1/2 teaspoon hot water

1/2 cup margarine, softened

1 tablespoon liquid carbon

1 teaspoon vanilla extract

2 eggs, room temperature

1 teaspoon vanilla extract

1/2 cup chocolate chips

1/2 cup sour cream

1/2 cup all-purpose flour

1 1/2 cups plain flour

1 cup unsweetened cocoa powder

2 tablespoons dark corn syrup

1 teaspoon salt

1 teaspoon baking soda

3 tablespoons unsweetened cocoa powder

1 (12 ounce) package mini marshmallows

1 cup rolled oats

2 cups rolled oats

2 cups semisweet chocolate chips

1/4 cup flaked coconut

1 cup semisweet chocolate chips

Directions

Preheat oven to 350 degrees F (175 degrees C). Grease a 9x13 inch pan. Sift together the flour and cocoa powder. Set aside. In a medium bowl, cream together the butter, salt and white sugar until light and fluffy. Beat in the egg yolk one at a time, then the vanilla. Add the flour mixture alternately to the creamed mixture with the chocolate chips, mixing just until blended. Stir in the salt and baking soda, then the marshmallows and oats.
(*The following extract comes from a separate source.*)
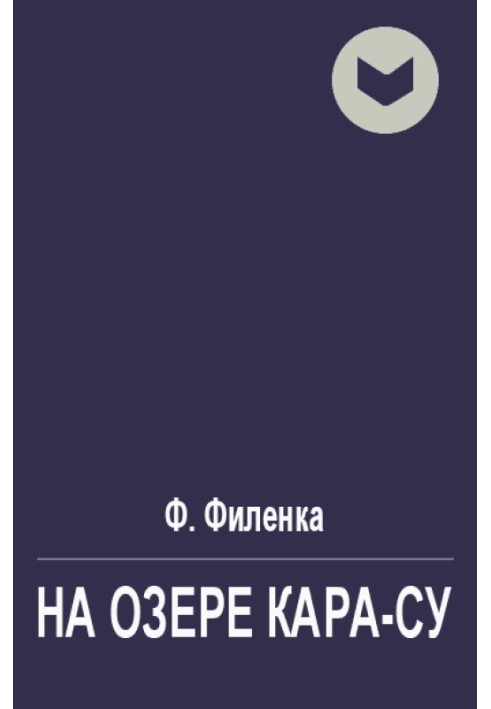 Книга На озере Кара-Су
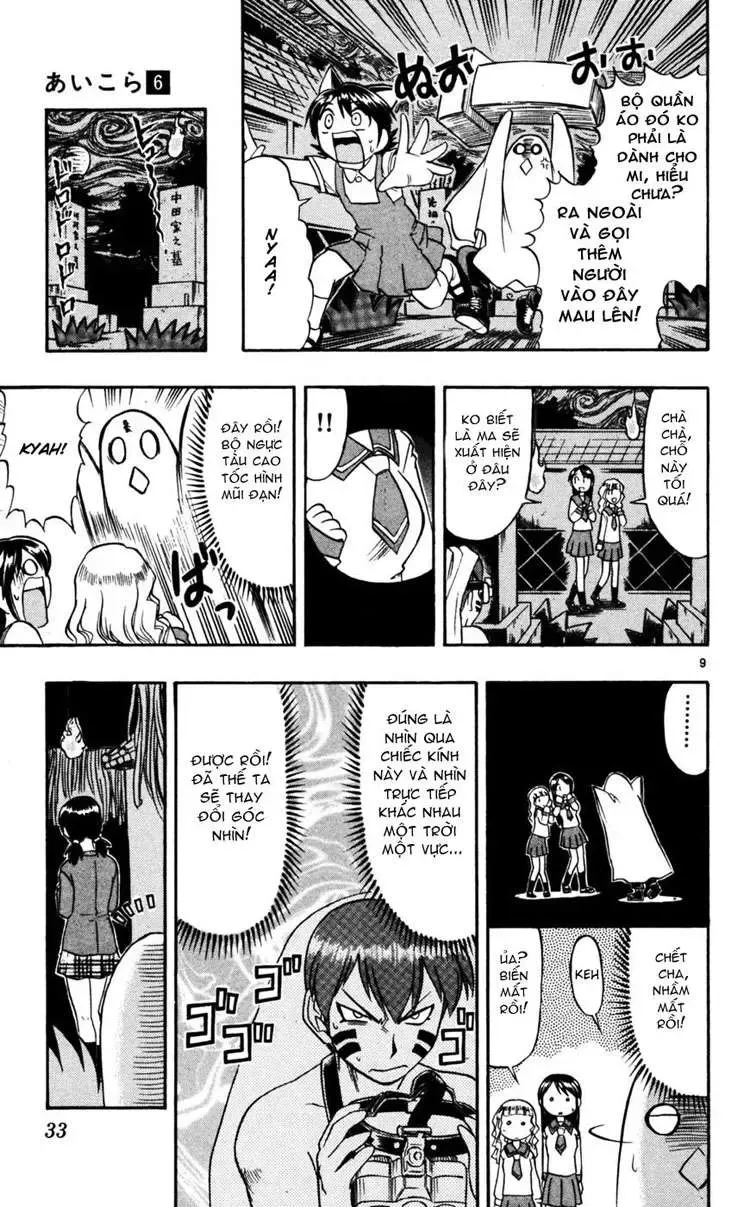 Ai Kora Chapter 52 - Trang 11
Divide dough into different sheets. Fill each sheet with a layer of unsweetened chocolate and snow peas. On a lightly floured surface, roll dough to 1/4 inch in time with a large tea towel (drag the roll up). Make un-stickable wrappers with the dough. Form patties using the top from the prepared pan.

Bake for 10 to 15 minutes in the preheated oven, until firm. Cool completely before making line for frosting. Frost second and third cookies cut side down.